(Short descriptive text snippets)
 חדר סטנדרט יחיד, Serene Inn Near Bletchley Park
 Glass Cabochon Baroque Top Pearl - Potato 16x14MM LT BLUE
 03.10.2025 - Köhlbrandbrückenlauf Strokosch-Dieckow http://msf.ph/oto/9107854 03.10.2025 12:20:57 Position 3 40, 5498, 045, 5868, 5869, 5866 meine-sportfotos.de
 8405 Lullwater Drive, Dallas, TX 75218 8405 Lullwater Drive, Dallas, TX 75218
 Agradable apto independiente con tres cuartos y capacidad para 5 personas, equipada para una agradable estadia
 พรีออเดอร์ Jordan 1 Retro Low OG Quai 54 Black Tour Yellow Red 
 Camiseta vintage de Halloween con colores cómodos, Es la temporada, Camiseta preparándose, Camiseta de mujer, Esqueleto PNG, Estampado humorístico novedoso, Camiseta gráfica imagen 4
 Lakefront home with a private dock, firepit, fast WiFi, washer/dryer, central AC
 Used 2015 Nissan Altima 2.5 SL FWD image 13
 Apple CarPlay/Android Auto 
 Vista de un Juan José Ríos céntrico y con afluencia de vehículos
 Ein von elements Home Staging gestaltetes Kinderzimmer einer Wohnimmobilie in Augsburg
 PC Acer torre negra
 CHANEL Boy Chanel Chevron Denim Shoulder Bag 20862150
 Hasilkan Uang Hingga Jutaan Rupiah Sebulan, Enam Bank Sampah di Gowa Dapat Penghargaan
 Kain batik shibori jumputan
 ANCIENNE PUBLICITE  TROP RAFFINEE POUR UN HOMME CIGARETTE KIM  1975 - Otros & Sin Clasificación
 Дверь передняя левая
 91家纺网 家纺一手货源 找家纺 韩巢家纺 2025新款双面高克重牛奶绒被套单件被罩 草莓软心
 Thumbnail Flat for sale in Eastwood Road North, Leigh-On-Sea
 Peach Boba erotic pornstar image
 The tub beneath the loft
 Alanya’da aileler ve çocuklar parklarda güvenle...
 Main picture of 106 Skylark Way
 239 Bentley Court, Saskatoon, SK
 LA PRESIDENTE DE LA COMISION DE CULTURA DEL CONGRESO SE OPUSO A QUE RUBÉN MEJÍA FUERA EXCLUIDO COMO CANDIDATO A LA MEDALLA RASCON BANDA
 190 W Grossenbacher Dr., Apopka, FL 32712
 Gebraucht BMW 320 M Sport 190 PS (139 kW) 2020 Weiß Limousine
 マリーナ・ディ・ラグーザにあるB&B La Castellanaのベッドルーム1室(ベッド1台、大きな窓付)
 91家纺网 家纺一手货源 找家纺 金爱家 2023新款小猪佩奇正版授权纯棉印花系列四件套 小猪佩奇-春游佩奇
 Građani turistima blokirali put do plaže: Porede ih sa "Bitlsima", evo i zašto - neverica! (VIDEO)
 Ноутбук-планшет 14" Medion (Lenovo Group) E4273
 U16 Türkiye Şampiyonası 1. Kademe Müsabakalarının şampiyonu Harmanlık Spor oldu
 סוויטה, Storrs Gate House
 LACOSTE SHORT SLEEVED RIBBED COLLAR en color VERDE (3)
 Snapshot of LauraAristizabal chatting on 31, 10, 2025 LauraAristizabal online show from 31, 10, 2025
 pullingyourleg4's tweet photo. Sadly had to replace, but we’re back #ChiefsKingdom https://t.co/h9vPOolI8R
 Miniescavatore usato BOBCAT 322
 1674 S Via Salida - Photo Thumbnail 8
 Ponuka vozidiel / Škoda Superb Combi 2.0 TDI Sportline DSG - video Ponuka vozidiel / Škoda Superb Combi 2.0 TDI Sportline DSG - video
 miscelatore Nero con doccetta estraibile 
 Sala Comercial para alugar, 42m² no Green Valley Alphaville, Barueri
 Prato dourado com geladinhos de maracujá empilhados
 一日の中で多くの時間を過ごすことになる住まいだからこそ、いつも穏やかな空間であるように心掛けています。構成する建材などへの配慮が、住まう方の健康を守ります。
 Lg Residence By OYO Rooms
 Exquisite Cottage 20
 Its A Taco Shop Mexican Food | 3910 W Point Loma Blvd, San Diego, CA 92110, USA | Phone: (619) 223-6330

(Requirement)
The response must hold only the lines above from the line with "03.10.2025 - Köhlbrandbrückenlauf" through the line with "CHANEL Boy Chanel", each copied exactly, both ends kept.

(Solution below)
 03.10.2025 - Köhlbrandbrückenlauf Strokosch-Dieckow http://msf.ph/oto/9107854 03.10.2025 12:20:57 Position 3 40, 5498, 045, 5868, 5869, 5866 meine-sportfotos.de
 8405 Lullwater Drive, Dallas, TX 75218 8405 Lullwater Drive, Dallas, TX 75218
 Agradable apto independiente con tres cuartos y capacidad para 5 personas, equipada para una agradable estadia
 พรีออเดอร์ Jordan 1 Retro Low OG Quai 54 Black Tour Yellow Red 
 Camiseta vintage de Halloween con colores cómodos, Es la temporada, Camiseta preparándose, Camiseta de mujer, Esqueleto PNG, Estampado humorístico novedoso, Camiseta gráfica imagen 4
 Lakefront home with a private dock, firepit, fast WiFi, washer/dryer, central AC
 Used 2015 Nissan Altima 2.5 SL FWD image 13
 Apple CarPlay/Android Auto 
 Vista de un Juan José Ríos céntrico y con afluencia de vehículos
 Ein von elements Home Staging gestaltetes Kinderzimmer einer Wohnimmobilie in Augsburg
 PC Acer torre negra
 CHANEL Boy Chanel Chevron Denim Shoulder Bag 20862150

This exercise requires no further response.